As for cornering, there’s more agile stuff on the market. That’s a given. But all of Volkswagen’s systems - the selective torque vectoring, the electronic diff, the speed-dependent brake servo map, and the safety net that is four-wheel drive - combine for handling that’s neutral, linear and planted. And that’s crucial, because it makes the performance accessible. No heart-in-mouth moments, please, just make it beat a little faster.
It’s not playful, but it’s eager, and while the Golf R Estate isn’t in the same league as the likes of the really serious fast estates, you’ll enjoy it for what it can do rather than worry about what it can’t.
Great. So, um, what about that ‘fatal flaw’ I saw in the headline?
*Sigh*. The interior. It’s… infuriating. Not in terms of quality, that’s fine, but the ergonomics of it will drive you mad.

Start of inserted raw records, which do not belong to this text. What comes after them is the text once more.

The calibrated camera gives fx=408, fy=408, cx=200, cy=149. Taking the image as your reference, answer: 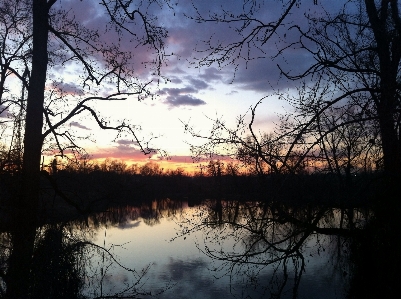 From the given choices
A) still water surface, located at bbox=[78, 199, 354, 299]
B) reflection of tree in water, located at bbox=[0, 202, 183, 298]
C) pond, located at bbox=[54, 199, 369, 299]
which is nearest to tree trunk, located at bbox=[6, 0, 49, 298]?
reflection of tree in water, located at bbox=[0, 202, 183, 298]

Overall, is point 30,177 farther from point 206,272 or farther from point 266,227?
point 206,272

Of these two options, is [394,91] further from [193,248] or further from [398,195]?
[193,248]

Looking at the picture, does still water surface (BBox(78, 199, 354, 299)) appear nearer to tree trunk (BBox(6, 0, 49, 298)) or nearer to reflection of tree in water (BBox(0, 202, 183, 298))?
reflection of tree in water (BBox(0, 202, 183, 298))

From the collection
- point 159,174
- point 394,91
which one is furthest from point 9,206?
point 159,174

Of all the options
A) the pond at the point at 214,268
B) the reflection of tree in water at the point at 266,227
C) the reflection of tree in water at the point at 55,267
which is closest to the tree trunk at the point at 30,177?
the reflection of tree in water at the point at 55,267

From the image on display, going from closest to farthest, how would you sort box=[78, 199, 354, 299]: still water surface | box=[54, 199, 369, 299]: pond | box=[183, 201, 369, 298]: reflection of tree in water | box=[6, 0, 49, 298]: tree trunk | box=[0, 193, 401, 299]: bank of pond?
box=[183, 201, 369, 298]: reflection of tree in water < box=[0, 193, 401, 299]: bank of pond < box=[6, 0, 49, 298]: tree trunk < box=[54, 199, 369, 299]: pond < box=[78, 199, 354, 299]: still water surface

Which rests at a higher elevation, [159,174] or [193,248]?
[159,174]

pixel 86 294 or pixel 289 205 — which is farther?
pixel 86 294

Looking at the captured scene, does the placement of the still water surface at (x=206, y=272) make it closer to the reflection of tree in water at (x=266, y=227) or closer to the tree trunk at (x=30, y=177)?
the reflection of tree in water at (x=266, y=227)

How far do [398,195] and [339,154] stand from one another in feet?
7.17

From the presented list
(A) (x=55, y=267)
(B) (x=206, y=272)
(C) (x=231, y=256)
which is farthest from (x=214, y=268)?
(C) (x=231, y=256)

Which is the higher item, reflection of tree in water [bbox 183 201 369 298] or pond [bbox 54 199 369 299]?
Result: reflection of tree in water [bbox 183 201 369 298]

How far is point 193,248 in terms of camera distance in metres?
15.6

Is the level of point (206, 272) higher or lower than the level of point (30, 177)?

Because everything - bar the hazards, because that’s required by law - is either embedded on the touchscreen or on a haptic, touch-sensitive surface. How a setup this frustrating to use got through so many layers of approval at VW is genuinely amazing.
Let’s run through the issues. The touchscreen is slow to start up, so if you need to punch a destination into the sat nav, you have to wait for it to wake up. Connecting your phone is a nightmare, and once you’ve done it the car will force your Bluetooth to be on every time you get in, even if you don’t want it. Settings reset to default at start-up, which means a ritual of turning off the (highly annoying) lane keep assist and toggling through to Comfort mode every time you stop.
It doesn’t end there either. All of the climate controls are confined to their own menu, save for temperature adjustment on the plastic panel below that - get this - doesn’t light up in the dark. Good luck on those chilly, winter mornings, early risers. And the less said about the steering wheel functions, the better.
Rant over. We can only hope that at some point you transition through the ‘putting up with it’ phase and just get used to it. But we didn’t have the car long enough for that to happen to us, so lord knows when you’ll make peace with it. Maybe never.
Feeling pretty anticlimactic now, not gonna lie.
Don’t get us wrong, in every other way the Golf R Estate is brilliant, finding a real sweet spot in the Venn diagram of everyday use and outright dynamic ability. It’s just a shame it’s so far undermined by the integration of the tech. Come on VW, sort it out.